The response should repeat word for word every line below from the one with "Autoblinda AB 41 1/72" to the one with "20 Excelsior Street, Leichhardt NSW 2040", inclusive, and nothing else; leave pictures out.

* **RECORDS SUPPLIED**:
+++

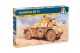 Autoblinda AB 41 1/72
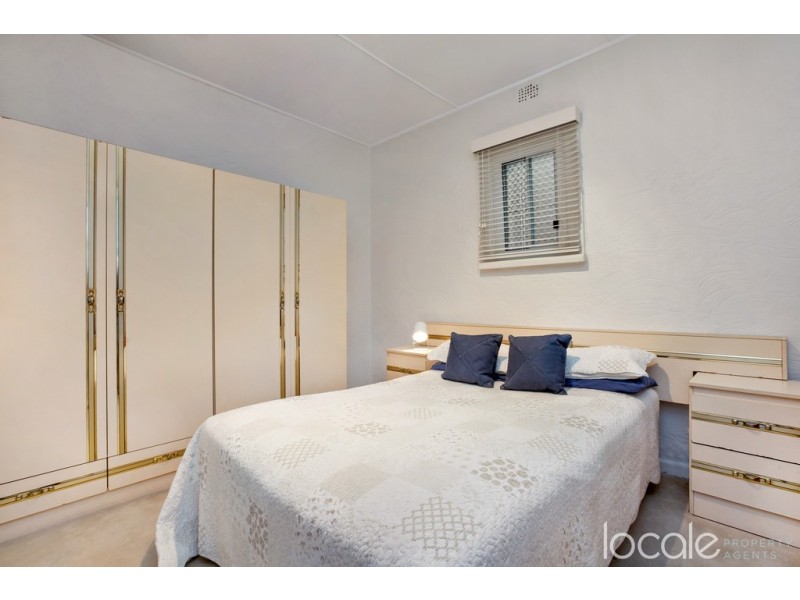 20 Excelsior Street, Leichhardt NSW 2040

+++

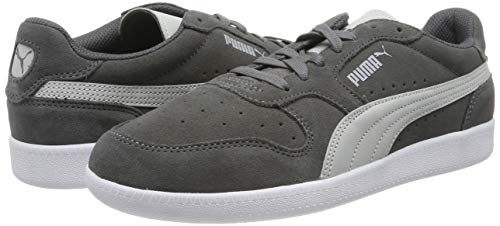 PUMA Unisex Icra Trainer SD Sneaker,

+++

* **RESULT**:
 Autoblinda AB 41 1/72
 20 Excelsior Street, Leichhardt NSW 2040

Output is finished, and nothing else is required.